Chiarugi faceva della rapidità il suo cavallo di battaglia, non a caso era soprannominato “La Freccia”. Era poi abilissimo nell’uno contro uno. E non disdegnava nemmeno mandare in gol i compagni.  De Sisti un autentico giocoliere, dalla fantasia pura. Elegante e concreto, tanto che in Nazionale talvolta costringeva Rivera alla panchina.

La tua carriera si lega a doppia mandata a quella di Ricky Albertosi.

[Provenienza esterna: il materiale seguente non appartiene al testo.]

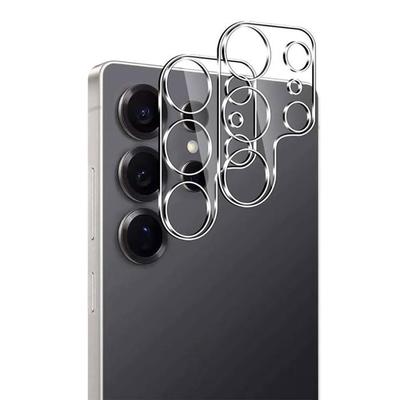 Tempered Glasses - Booling - for Samsung Galaxy S25 Ultra - Camera Protection - Shockproof - Transparent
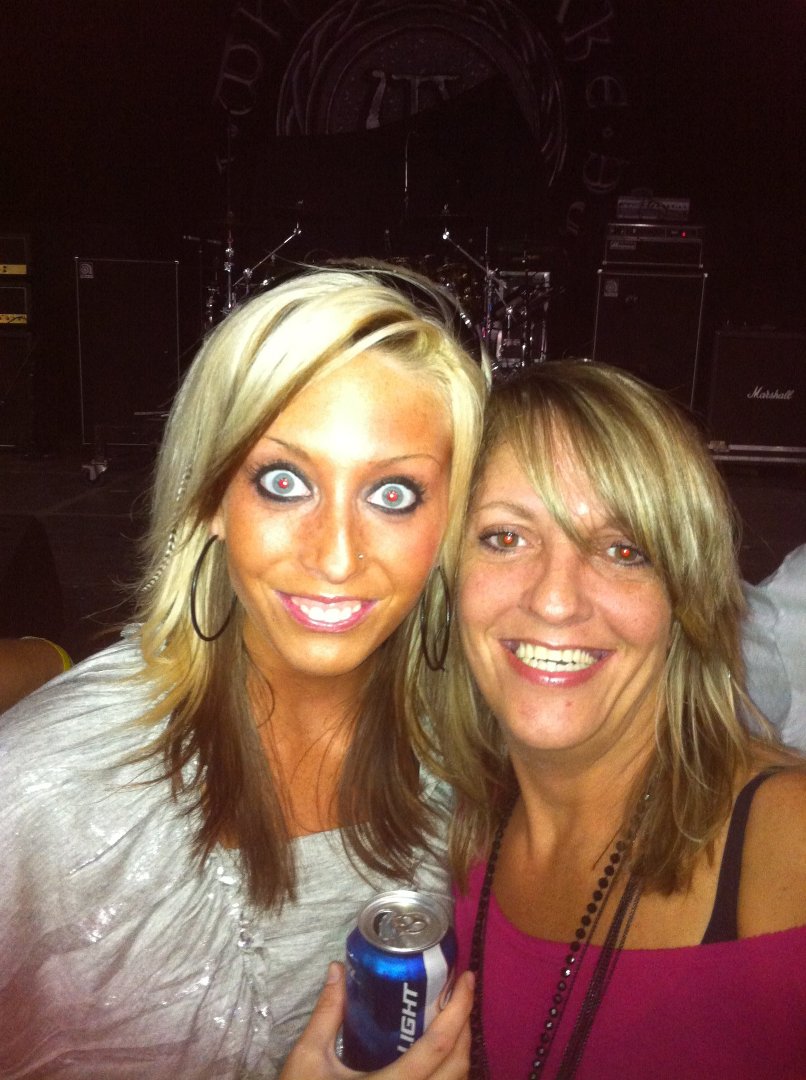 Sandi Skinner's album, Mobile Uploads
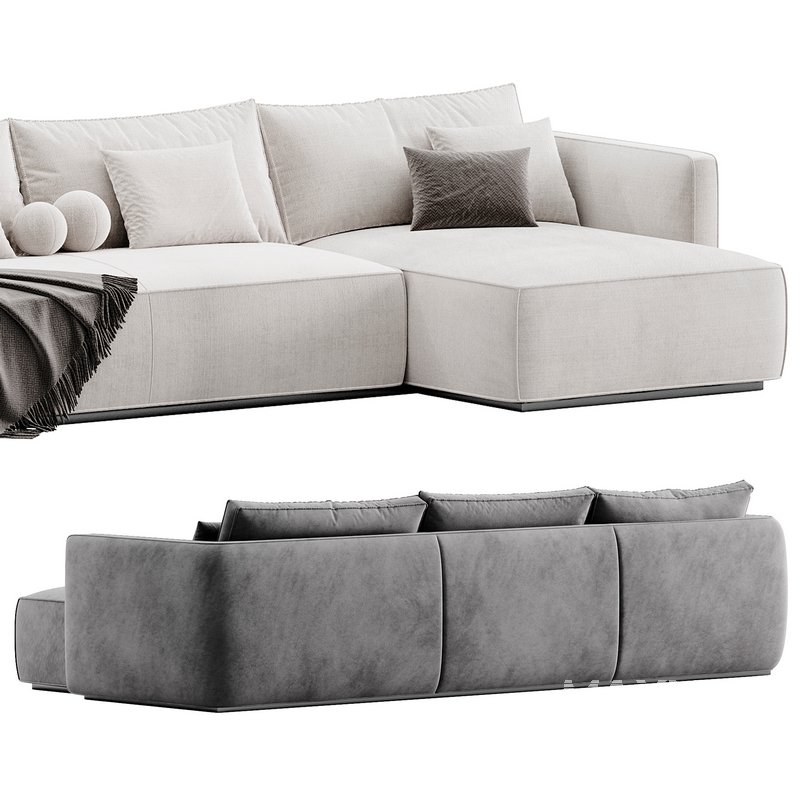 Sofa ESSE By Blanche - Image 3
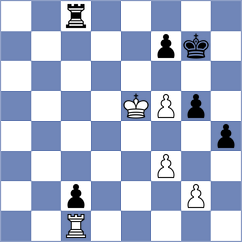 Komljenovic - Fernandez Aguado (Seville, 1989)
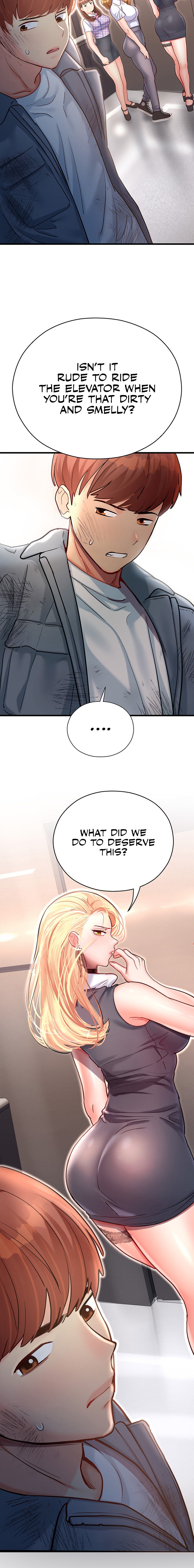 Destiny Land - Chapter 3 - picture 25
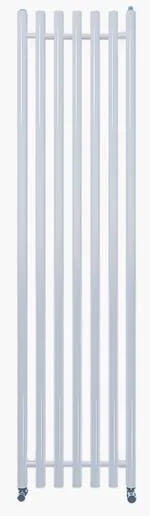 Рушникосушарка Polywarm Sorbonne (білий)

Insieme perdemmo infatti lo Scudetto del ’69 con la Fiorentina, dopo avervi militato a lungo. Il rischio poteva essere quello di un eterno rimpianto. Poi a Cagliari abbiamo raccolto tutto con gli interessi.

Messico ’70: poteva essere anche il tuo Mondiale.

Ci sono andato vicinissimo infatti. Facevo parte dei quaranta “azzurrabili” che hanno fatto lo stage prima della partenza. Col senno di poi, posso dire di aver “sbagliato” epoca. Era un’era in cui fioccavano i giocatori talentuosi.  Come già detto, uno del calibro di Rivera non sempre vedeva il campo. E se giocava lui, a finire in panchina toccava sempre a un altro grande, come Mazzola.

I tuoi gol l’anno del Tricolore. Gli almanacchi dicono sei, in realtà sono otto.

(Ride). La “colpa” è di Scopigno. Erano due gol in mischia, da lui attribuiti a Riva, dicendo che aveva il piede più grande.
Scopigno appunto. Che allenatore è stato?
Molto permissivo. Non stava lì a fare il “cane da guardia”. Però scaltro e sveglio. Se sgarravi, finivi fuori squadra. Anche perché le voci correvano, e se combinavi qualcosa in giro per la città, era sicuro che veniva a saperlo.

Altro tuo grande Mister è stato Tiddia.

Non “altro”. Per me in persona è stato lui il più grande. Pur avendo lavorato con altri mostri sacri, lo stesso Valcareggi anche a Firenze, poi Beppe Chiappella, Fabbri e Scopigno, Tiddia rimane per me il più importante. Figura globale: padre premuroso, fratello maggiore, psicologo e motivatore. Il sabato veniva nelle nostre stanze e parlava con ciascuno a tu per tu. La domenica ti metteva nelle condizioni di rendere al meglio. E ci teneva a creare un clima di famiglia. Prova ne è il fatto che tutti i lunedì si andava a Sarroch a mangiare a casa sua.

Fai parte di quelli che hanno scelto la Sardegna a vita. Cosa ti ha spinto a non partire più?

Basta vedere nei giorni scorsi come eravamo tutti riuniti al compleanno di Nenè, esattamente come avveniva quaranta anni fa. Un clima cordiale impareggiabile. E poi la gente ancora ci mostra riconoscenza per quello Scudetto.

Il tuo ultimo anno in carriera a Carbonia.

Ricordo tutti i compagni. I fratelli Congiu, Pillosu, Erriu, Tronci.  Andavamo in ritiro, come quasi nemmeno facevamo col Cagliari. Anche quella rimane una pagina della carriera piacevole.

Chiudiamo col tuo contributo alla scuola calcio di Gigi Riva.

Fino a oggi ancora non abbiamo sfornato un giocatore che abbia sfondato nel grande calcio, voglio quindi augurare che ciò avvenga. Senza dimenticare che la prima missione è trasmettere i valori sportivi e la lealtà.